■ Exercise ■
Output the data below exactly, without images.

===== Study material

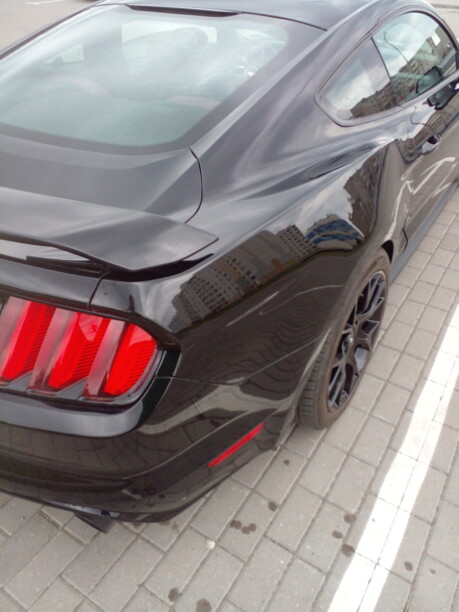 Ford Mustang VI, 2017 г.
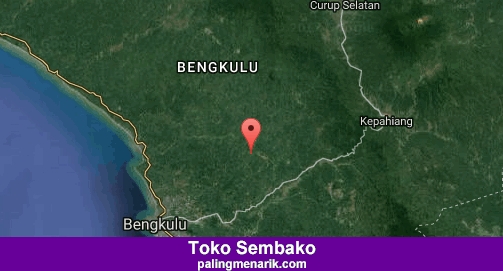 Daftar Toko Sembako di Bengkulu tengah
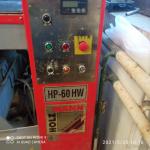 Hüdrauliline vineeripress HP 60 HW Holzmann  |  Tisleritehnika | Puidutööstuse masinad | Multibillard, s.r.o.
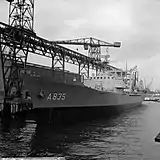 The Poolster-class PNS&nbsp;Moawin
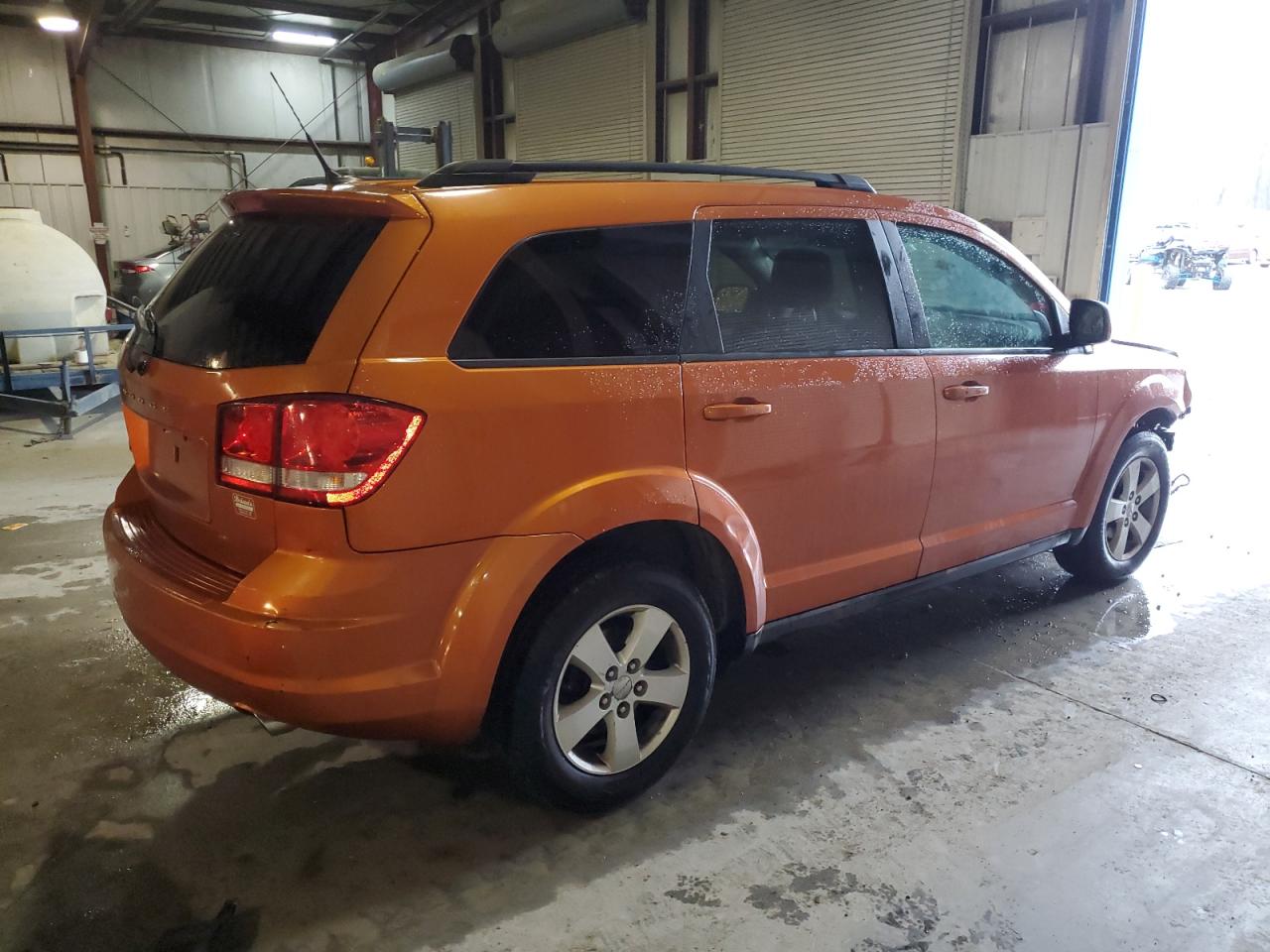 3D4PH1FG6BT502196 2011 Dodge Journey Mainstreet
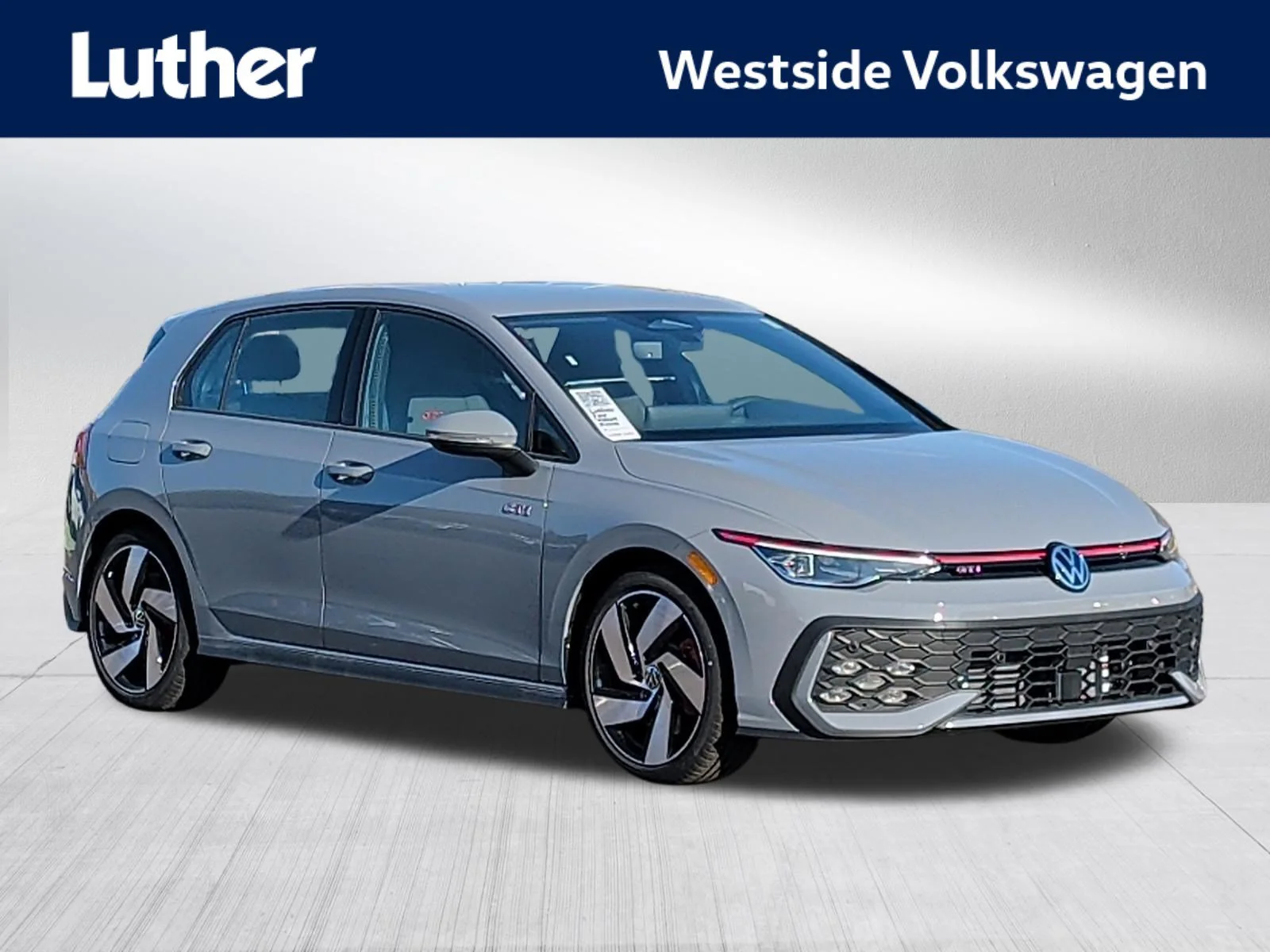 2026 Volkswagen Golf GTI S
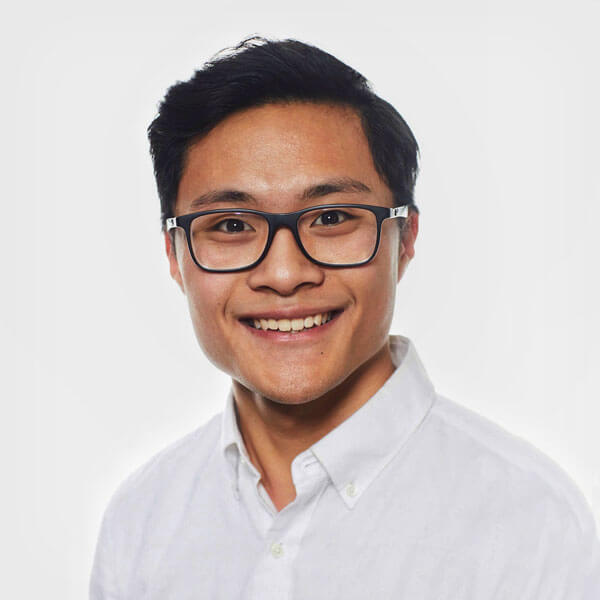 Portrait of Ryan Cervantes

==========

■ Problem solution ■
 Ford Mustang VI, 2017 г.
 Daftar Toko Sembako di Bengkulu tengah
 Hüdrauliline vineeripress HP 60 HW Holzmann  |  Tisleritehnika | Puidutööstuse masinad | Multibillard, s.r.o.
 The Poolster-class PNS&nbsp;Moawin
 3D4PH1FG6BT502196 2011 Dodge Journey Mainstreet
 2026 Volkswagen Golf GTI S
 Portrait of Ryan Cervantes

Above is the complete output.